WORK INSTRUCTION - Transcribe the line that contains "2017 Chevrolet Impala" and every line after it to the end of the records, exactly and nothing else. Skip the pictures.

(Beginning of EXERCISE INPUT)

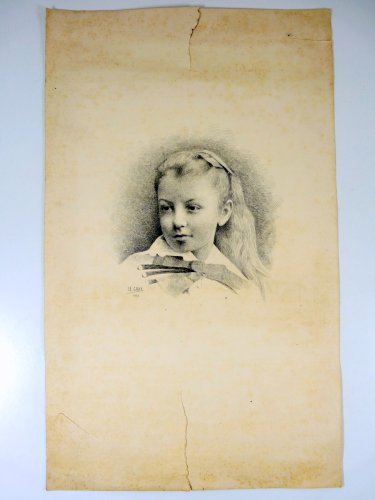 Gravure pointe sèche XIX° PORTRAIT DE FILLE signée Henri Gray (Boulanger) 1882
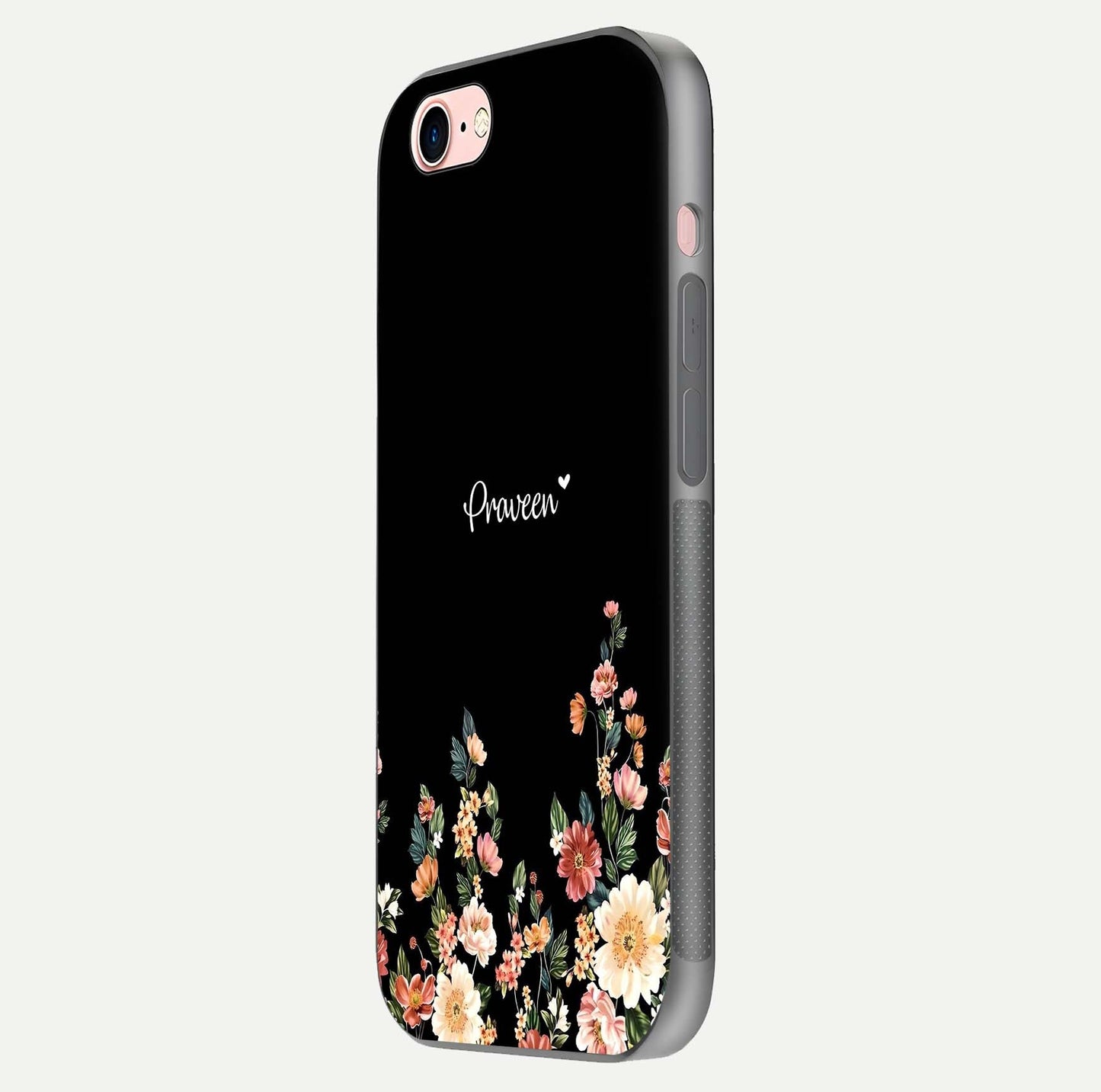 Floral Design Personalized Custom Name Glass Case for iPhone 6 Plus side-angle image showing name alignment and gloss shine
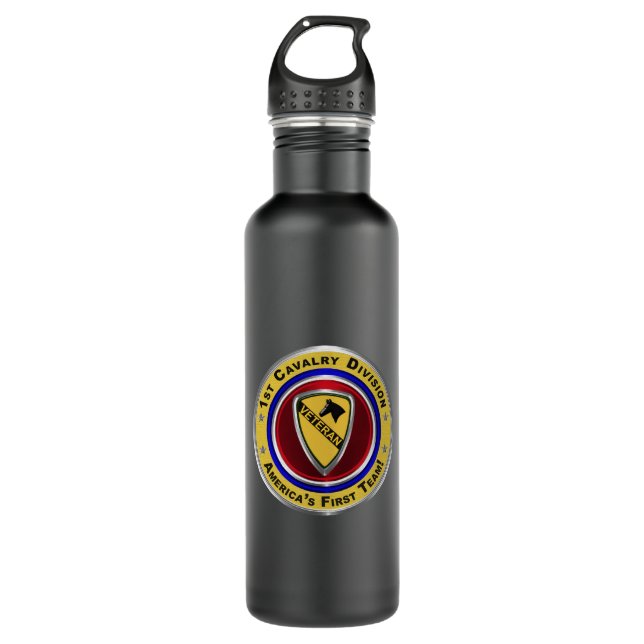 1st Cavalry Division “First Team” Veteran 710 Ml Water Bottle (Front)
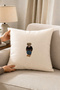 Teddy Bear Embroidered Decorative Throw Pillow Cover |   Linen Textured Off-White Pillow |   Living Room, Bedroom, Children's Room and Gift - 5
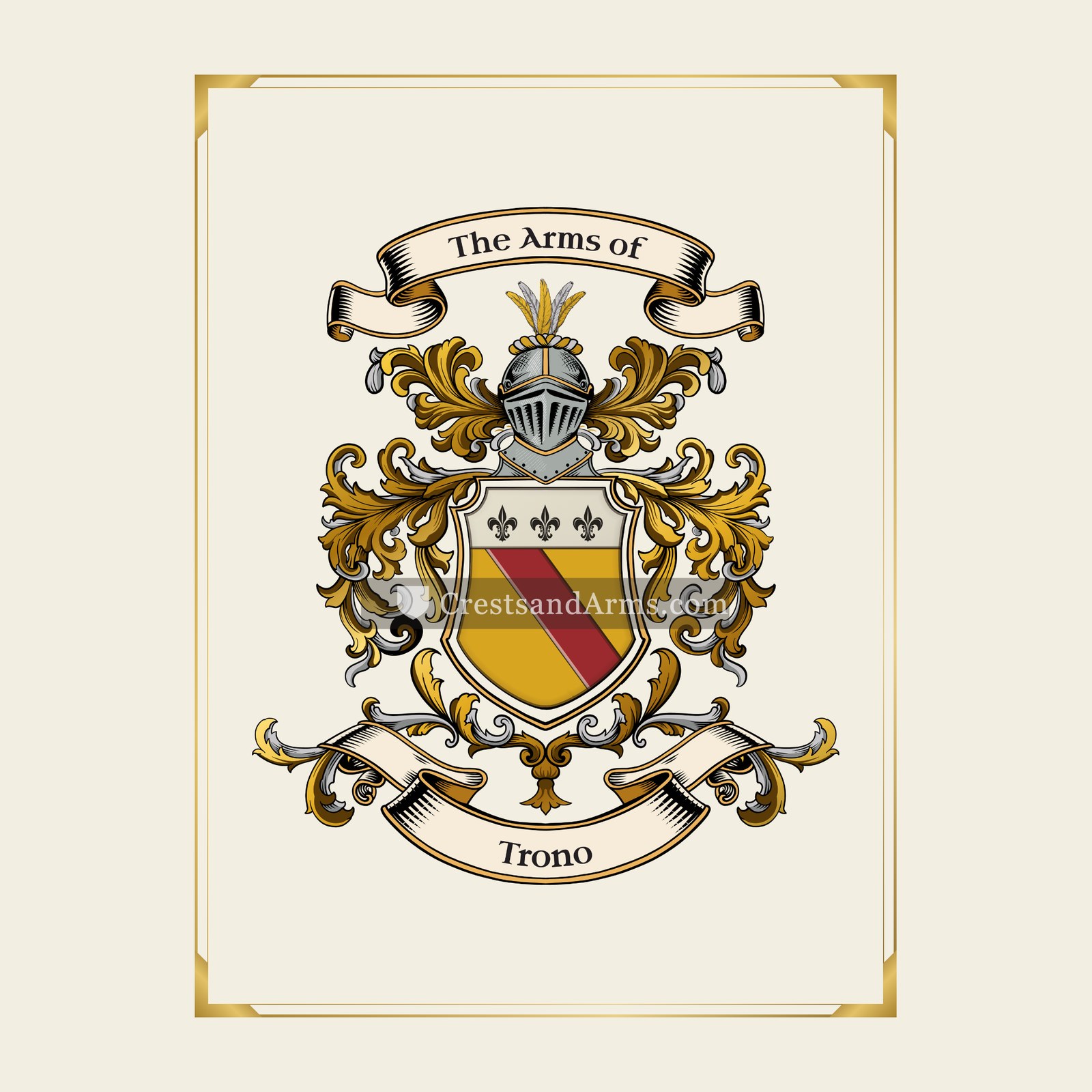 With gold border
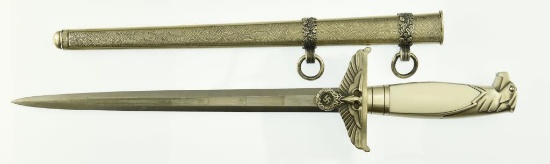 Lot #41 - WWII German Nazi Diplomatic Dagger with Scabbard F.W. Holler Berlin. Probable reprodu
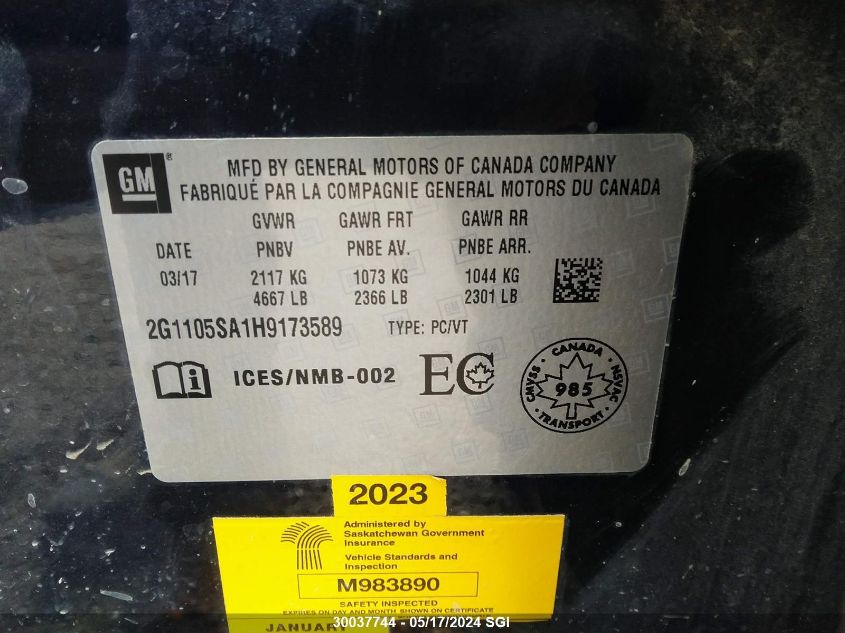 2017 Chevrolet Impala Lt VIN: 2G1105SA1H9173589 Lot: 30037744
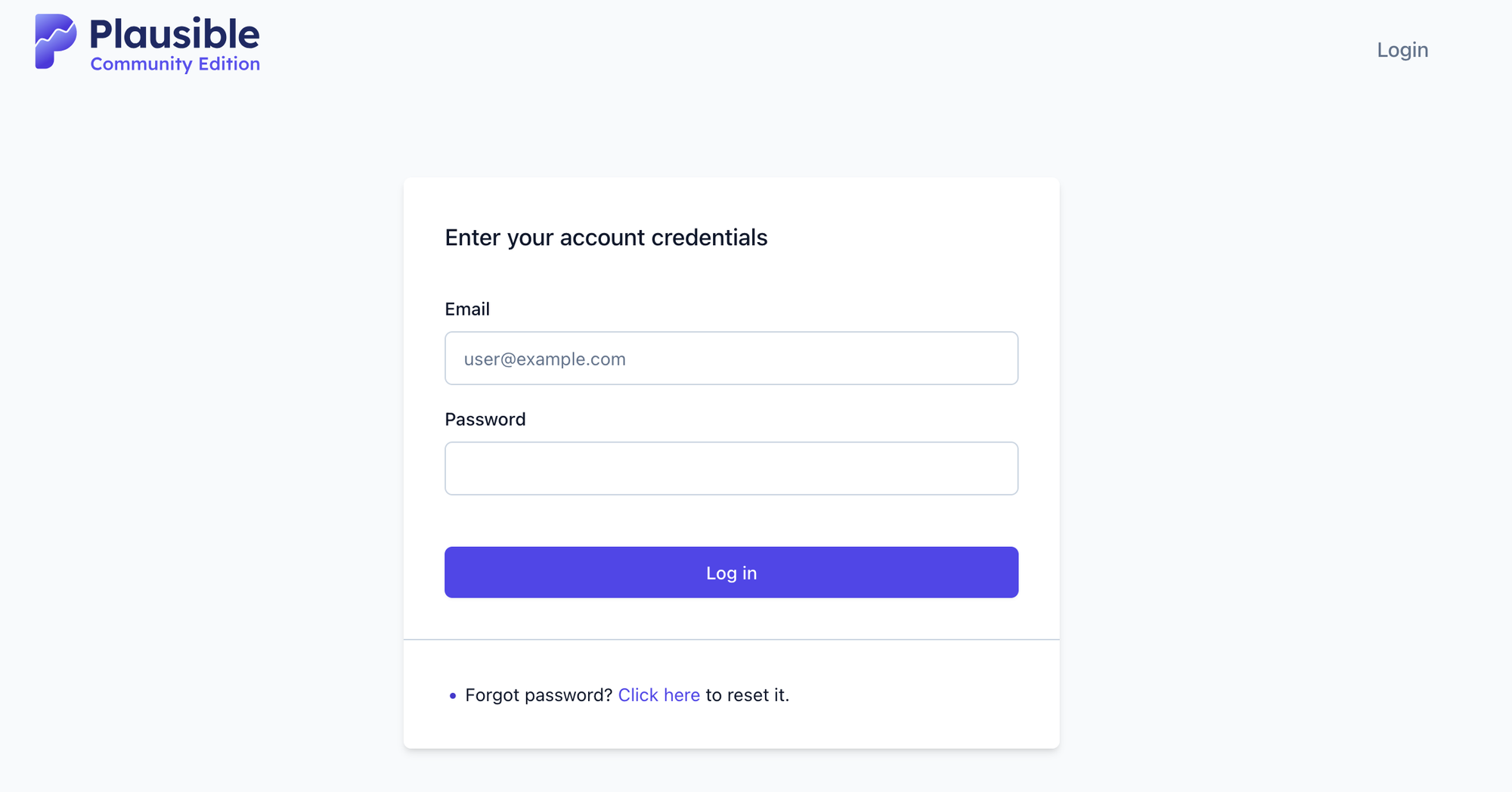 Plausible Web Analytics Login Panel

(End of EXERCISE INPUT)

OUTPUT OF THE TASK -
 2017 Chevrolet Impala Lt VIN: 2G1105SA1H9173589 Lot: 30037744
 Plausible Web Analytics Login Panel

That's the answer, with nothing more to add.